### Data shown
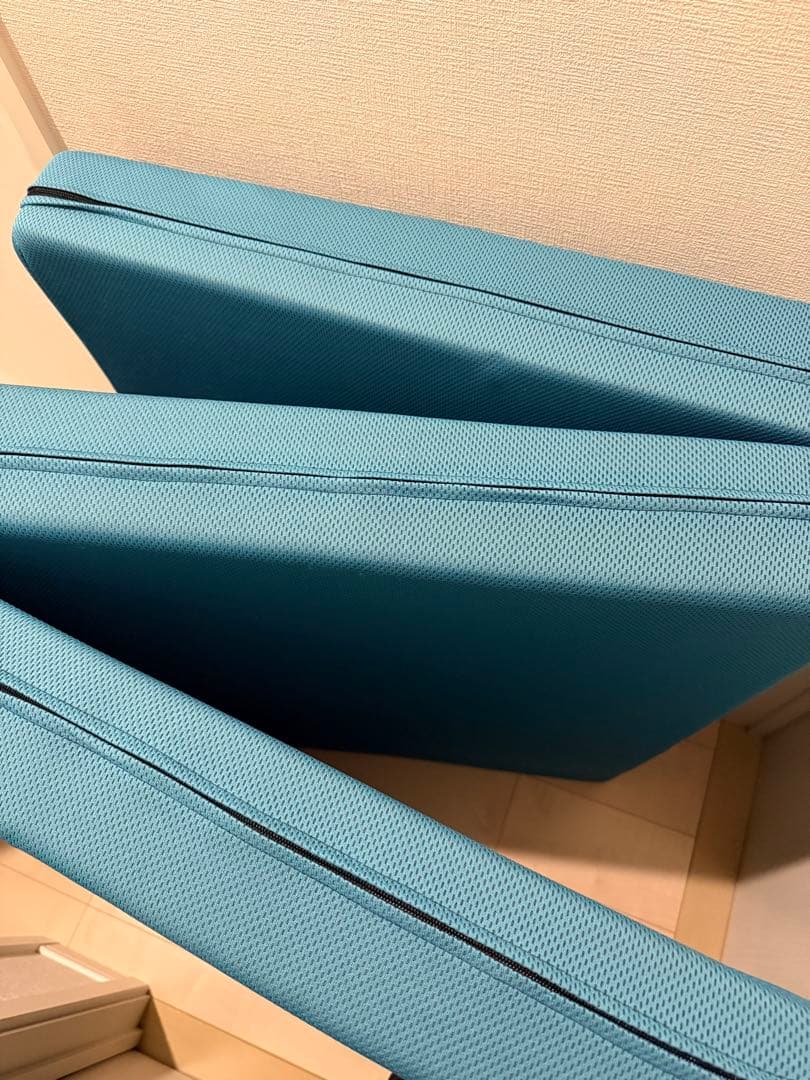 マニフレックス　シングル ノンスプリングマットレス 青 約11cm厚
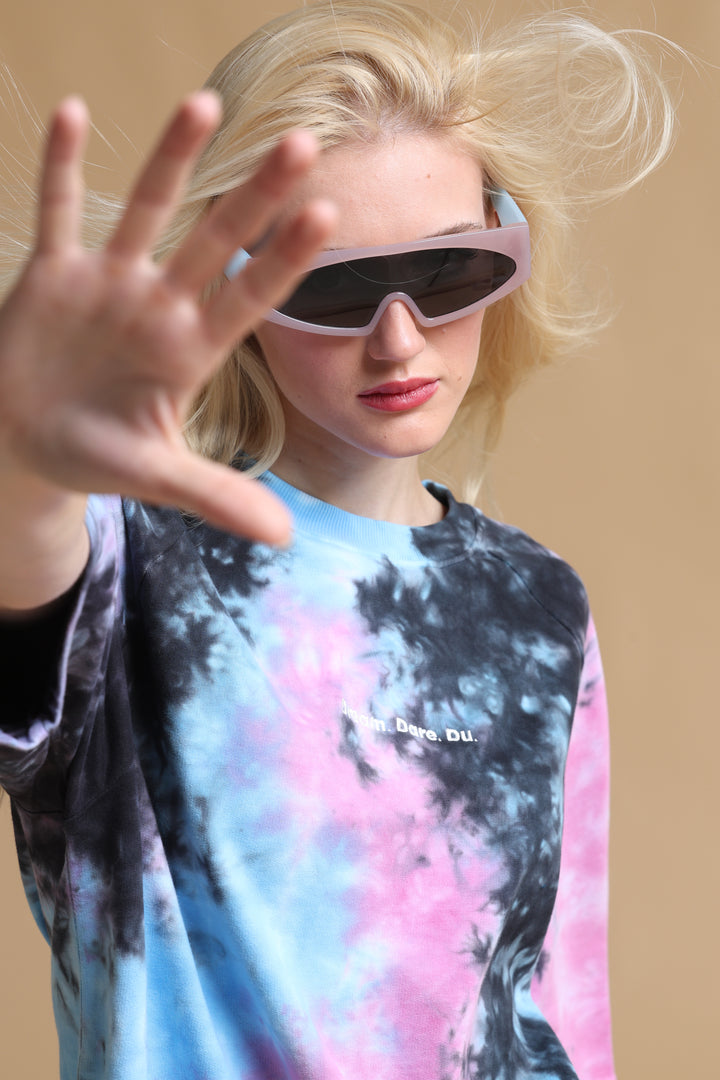 URBAN AURORA TIE-DYE OVERSIZED WOMEN'S T-SHIRT
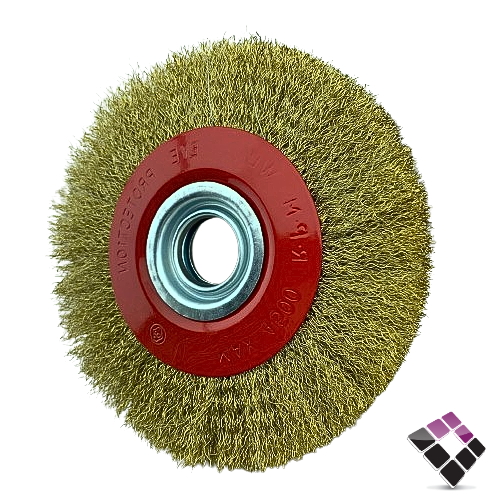 صنفرة صاروخ فرشة شعر نحاس موديل قرص صيني مقاس 8 " × 200 ملم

### Task to carry out
Return the material exactly as written, except for any pictures it holds.

### Worked solution
 マニフレックス　シングル ノンスプリングマットレス 青 約11cm厚
 URBAN AURORA TIE-DYE OVERSIZED WOMEN'S T-SHIRT
 صنفرة صاروخ فرشة شعر نحاس موديل قرص صيني مقاس 8 " × 200 ملم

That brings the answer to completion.